== Provided records

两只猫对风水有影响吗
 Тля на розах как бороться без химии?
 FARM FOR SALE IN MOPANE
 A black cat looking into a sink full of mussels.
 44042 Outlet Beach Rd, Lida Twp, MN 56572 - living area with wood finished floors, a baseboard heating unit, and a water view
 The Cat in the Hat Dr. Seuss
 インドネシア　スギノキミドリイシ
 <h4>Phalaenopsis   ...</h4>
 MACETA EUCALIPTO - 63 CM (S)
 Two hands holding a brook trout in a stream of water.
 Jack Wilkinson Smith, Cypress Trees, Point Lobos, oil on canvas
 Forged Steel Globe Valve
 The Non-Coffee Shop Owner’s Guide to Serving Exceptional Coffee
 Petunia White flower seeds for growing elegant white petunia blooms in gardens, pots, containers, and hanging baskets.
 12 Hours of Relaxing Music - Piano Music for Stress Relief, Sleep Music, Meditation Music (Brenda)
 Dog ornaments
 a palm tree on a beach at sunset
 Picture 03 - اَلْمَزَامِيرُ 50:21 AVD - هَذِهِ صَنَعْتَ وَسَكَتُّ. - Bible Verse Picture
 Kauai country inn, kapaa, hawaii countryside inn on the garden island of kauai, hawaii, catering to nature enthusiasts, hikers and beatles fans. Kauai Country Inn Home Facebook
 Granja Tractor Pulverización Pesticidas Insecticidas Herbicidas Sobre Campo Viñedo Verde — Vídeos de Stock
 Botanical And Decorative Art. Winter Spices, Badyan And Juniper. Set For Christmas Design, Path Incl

====

**Directions for this task:** Could you reproduce the lines above, from the one that holds "The Non-Coffee Shop" through the last, exactly as they stand?

**Solution:**
 The Non-Coffee Shop Owner’s Guide to Serving Exceptional Coffee
 Petunia White flower seeds for growing elegant white petunia blooms in gardens, pots, containers, and hanging baskets.
 12 Hours of Relaxing Music - Piano Music for Stress Relief, Sleep Music, Meditation Music (Brenda)
 Dog ornaments
 a palm tree on a beach at sunset
 Picture 03 - اَلْمَزَامِيرُ 50:21 AVD - هَذِهِ صَنَعْتَ وَسَكَتُّ. - Bible Verse Picture
 Kauai country inn, kapaa, hawaii countryside inn on the garden island of kauai, hawaii, catering to nature enthusiasts, hikers and beatles fans. Kauai Country Inn Home Facebook
 Granja Tractor Pulverización Pesticidas Insecticidas Herbicidas Sobre Campo Viñedo Verde — Vídeos de Stock
 Botanical And Decorative Art. Winter Spices, Badyan And Juniper. Set For Christmas Design, Path Incl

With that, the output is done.